É preciso?
17/07/2001
- Opinión
É preciso matar camponeses, porque a intocável estrutura rural não
permite que tenham acesso à terra.
É preciso matar crianças pobres, porque não serão nem os consumidores
de luxo, nem os trabalhadores altamente qualificados que o mercado
requer.
É preciso matar jovens nas periferias, porque atentam contra a
sagrada propriedade privada.
É preciso matar mendigos, porque sua presença torna insuportável a
circulação dos bem-postos pela cidade.
É preciso cortar recursos das políticas sociais, porque a ditadura do
equilíbrio orçamentário acertada com o FMI impõe.
É preciso esperar para diminuir a pobreza pela metade até 2015,
porque o ministro da Fazenda, zeloso cumpridor dos mandamentos do
capital financeiro, assim o ditou.
É preciso fazer pagar os idosos, porque o presidente da República tem
que pagar os juros da dívida externa que seu plano gerou.
É preciso agradar os poderosos, porque eles são poderosos.
É preciso tratar bem os ricos, porque são eles que financiam as
campanhas eleitorais.
É preciso tratar mal os pobres, porque eles são pobres e são muitos.
É preciso sorrir, para dar a impressão que a situação está sob
controle.
É preciso gastar muito dinheiro em propaganda, para diminuir o
descontentamento.
É preciso buscar sistematicamente bodes expiatórios, para que se
pense que são eles os responsáveis pelos problemas do país.
É preciso ser fraco com os fortes, porque eles são fortes, e forte
com os fracos, porque eles são fracos.
É preciso dizer que todas as crianças estão nas escolas, para que se
pense que é verdade.
É preciso adiar a resolução dos problemas, para que o país sempre
precise de salvadores.
É preciso retribuir os favores dos que financiam as campanhas
eleitorais e ser implacáveis com os que se opõem.

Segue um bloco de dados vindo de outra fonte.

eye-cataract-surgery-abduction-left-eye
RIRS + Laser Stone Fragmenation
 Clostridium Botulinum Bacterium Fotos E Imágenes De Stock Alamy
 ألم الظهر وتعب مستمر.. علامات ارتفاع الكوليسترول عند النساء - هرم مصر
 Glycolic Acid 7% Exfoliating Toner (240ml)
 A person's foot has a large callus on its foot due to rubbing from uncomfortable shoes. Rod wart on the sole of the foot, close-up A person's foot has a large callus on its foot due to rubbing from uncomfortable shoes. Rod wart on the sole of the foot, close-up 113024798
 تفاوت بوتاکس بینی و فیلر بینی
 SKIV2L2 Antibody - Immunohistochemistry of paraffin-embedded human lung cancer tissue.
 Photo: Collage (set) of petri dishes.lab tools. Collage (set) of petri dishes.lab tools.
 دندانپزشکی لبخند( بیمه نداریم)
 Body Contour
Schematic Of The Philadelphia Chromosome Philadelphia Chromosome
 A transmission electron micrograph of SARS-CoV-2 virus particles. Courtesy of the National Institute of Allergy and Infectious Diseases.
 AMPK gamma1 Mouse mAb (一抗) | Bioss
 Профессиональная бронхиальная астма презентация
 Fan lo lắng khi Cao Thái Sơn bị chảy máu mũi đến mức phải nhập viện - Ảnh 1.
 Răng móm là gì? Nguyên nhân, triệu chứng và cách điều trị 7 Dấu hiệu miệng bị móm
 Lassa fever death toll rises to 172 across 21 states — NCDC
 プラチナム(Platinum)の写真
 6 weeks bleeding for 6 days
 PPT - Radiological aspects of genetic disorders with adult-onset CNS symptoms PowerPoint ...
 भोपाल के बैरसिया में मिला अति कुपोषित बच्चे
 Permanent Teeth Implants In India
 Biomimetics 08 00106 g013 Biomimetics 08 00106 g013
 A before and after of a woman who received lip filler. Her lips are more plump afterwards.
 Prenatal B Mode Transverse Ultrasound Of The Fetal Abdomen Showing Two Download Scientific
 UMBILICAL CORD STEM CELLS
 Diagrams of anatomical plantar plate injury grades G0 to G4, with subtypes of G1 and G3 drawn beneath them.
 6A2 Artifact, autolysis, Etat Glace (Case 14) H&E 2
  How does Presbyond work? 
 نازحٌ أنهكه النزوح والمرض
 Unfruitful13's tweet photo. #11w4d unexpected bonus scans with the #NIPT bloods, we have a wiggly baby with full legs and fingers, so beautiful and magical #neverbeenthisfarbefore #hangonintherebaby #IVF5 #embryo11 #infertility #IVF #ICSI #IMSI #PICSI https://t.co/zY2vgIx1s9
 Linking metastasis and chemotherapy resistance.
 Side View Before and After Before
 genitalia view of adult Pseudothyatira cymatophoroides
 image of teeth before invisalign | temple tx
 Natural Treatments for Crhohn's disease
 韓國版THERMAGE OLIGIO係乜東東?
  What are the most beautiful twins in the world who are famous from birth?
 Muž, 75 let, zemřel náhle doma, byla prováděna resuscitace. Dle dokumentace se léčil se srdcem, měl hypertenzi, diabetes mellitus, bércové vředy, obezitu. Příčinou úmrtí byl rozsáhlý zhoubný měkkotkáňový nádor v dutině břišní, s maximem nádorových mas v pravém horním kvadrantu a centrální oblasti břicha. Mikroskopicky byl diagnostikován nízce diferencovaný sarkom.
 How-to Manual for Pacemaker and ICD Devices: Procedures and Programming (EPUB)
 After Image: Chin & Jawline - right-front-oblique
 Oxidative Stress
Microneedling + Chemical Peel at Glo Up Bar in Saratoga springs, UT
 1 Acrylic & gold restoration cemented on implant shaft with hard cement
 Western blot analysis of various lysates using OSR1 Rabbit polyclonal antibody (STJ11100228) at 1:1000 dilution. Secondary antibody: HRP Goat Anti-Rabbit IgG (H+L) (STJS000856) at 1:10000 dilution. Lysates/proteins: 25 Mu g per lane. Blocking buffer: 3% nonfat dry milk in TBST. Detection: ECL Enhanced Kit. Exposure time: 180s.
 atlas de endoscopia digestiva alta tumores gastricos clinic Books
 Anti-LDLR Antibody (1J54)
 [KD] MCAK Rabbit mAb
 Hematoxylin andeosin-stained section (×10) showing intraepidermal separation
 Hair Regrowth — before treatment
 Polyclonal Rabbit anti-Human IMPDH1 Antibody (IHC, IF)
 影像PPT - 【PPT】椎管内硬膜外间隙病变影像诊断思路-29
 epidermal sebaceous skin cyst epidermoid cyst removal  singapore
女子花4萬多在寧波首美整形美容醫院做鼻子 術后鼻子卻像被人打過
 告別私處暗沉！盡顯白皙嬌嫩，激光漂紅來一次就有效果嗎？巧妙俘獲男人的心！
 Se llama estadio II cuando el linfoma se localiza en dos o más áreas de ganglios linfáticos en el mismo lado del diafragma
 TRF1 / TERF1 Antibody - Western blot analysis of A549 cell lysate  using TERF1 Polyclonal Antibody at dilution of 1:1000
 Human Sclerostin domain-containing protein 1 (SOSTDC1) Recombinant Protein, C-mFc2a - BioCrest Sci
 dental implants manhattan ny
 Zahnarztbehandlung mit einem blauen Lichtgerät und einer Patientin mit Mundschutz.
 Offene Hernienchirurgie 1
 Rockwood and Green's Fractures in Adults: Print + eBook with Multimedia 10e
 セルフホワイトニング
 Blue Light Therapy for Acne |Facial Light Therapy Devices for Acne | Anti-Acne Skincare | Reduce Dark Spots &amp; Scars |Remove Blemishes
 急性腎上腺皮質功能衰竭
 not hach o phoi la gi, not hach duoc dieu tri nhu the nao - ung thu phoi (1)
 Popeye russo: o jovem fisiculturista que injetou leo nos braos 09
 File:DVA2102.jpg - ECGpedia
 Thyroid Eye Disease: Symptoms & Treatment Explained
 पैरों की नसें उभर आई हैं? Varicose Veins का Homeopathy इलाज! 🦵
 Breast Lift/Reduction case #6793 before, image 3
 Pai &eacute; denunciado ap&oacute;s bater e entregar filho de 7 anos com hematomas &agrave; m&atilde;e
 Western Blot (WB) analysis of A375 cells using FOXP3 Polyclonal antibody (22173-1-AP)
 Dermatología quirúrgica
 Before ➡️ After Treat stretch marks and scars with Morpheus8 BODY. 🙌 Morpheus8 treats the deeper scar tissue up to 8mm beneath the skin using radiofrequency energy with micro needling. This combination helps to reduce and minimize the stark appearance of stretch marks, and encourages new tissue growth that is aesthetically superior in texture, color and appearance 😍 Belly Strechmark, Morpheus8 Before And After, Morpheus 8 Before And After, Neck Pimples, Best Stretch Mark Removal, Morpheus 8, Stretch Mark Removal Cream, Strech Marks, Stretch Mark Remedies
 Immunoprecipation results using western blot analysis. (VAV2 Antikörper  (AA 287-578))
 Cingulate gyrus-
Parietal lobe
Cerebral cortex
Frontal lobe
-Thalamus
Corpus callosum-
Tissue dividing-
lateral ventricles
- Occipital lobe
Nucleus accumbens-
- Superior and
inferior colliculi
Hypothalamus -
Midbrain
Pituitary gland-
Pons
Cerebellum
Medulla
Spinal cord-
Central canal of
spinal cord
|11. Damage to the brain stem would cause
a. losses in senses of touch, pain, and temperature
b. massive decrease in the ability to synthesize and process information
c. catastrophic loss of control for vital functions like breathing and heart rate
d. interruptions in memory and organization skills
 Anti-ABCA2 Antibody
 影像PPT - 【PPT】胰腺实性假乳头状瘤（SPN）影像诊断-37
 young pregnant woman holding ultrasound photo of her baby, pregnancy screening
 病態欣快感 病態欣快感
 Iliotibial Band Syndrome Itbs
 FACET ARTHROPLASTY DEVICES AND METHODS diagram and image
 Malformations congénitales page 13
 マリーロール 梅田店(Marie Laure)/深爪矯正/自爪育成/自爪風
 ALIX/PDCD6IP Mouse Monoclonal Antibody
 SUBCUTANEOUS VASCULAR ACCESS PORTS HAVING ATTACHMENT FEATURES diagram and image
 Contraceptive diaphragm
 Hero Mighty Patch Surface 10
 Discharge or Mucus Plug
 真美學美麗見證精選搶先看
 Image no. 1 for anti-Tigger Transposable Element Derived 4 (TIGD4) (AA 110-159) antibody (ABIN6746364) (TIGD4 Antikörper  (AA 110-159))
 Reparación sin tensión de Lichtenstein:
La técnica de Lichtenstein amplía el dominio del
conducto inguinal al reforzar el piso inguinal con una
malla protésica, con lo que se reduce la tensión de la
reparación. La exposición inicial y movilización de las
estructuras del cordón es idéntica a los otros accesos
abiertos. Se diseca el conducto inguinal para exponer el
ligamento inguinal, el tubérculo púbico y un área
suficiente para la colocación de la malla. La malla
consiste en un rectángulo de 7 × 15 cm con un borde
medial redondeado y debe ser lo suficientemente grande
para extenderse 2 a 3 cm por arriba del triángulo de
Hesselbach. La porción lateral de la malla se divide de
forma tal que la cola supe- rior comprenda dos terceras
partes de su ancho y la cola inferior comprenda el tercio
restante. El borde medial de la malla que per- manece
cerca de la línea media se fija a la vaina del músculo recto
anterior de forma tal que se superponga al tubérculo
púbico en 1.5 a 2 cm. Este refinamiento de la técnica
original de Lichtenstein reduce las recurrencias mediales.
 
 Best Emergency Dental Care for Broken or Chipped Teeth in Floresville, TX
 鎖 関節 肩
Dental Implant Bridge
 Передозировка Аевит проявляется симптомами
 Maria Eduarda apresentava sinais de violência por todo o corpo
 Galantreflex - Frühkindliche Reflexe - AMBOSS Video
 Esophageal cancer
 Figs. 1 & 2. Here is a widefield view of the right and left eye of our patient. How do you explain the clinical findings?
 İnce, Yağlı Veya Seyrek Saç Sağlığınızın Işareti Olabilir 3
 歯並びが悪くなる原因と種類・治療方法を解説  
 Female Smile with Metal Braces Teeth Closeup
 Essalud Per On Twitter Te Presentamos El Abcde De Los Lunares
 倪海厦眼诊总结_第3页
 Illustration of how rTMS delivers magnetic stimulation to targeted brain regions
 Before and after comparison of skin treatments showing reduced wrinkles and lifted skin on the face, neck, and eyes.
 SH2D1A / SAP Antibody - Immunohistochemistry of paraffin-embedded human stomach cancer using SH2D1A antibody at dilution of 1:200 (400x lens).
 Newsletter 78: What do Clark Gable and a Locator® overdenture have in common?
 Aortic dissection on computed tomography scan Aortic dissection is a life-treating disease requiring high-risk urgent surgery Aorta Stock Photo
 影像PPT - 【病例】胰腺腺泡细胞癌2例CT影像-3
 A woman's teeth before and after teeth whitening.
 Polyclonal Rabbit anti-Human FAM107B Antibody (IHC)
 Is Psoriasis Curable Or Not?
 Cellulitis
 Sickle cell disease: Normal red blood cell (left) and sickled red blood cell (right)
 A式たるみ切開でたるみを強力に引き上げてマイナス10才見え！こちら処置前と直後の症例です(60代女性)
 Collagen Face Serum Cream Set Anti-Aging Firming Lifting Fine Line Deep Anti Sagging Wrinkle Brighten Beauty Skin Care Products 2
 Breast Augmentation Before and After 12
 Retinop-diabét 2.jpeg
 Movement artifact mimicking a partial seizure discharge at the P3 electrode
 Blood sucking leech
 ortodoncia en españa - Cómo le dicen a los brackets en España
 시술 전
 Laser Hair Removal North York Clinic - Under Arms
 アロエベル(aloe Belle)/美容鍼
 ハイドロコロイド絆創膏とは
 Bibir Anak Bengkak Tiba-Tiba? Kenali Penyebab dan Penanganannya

É preciso calar sobre a violência prepotente das grandes potências
nos conflitos mundiais, porque o presidente tem medo delas.
É preciso culpar os trabalhadores pelo seu desemprego, os pobres pela
sua pobreza, as vítimas pela sua fraqueza e os excluídos pela sua
exclusão.
É preciso dizer sempre que o que tinha que ser feito foi feito, que o
governo é honrado e que a crise vem de fora.
É preciso falar, falar muito, fazer como se o país estivesse em boas
mãos, como se cada um devesse se virar para sobreviver e deixar o
governo para os governantes.
É preciso liberar os ricos de pagar impostos, para que façam o que
bem entendam com o seu dinheiro, porque disso eles entendem.
É preciso cobrar impostos dos assalariados, porque é do trabalho que
vem a riqueza, inclusive do Estado.
É preciso viajar muito, para dar a impressão que a imagem externa do
país é boa, falar em vários idiomas para fazer passar que se é culto,
fotografar-se com estadistas para contrabandear que se é um deles e
falar bem da globalização, para agradá-los.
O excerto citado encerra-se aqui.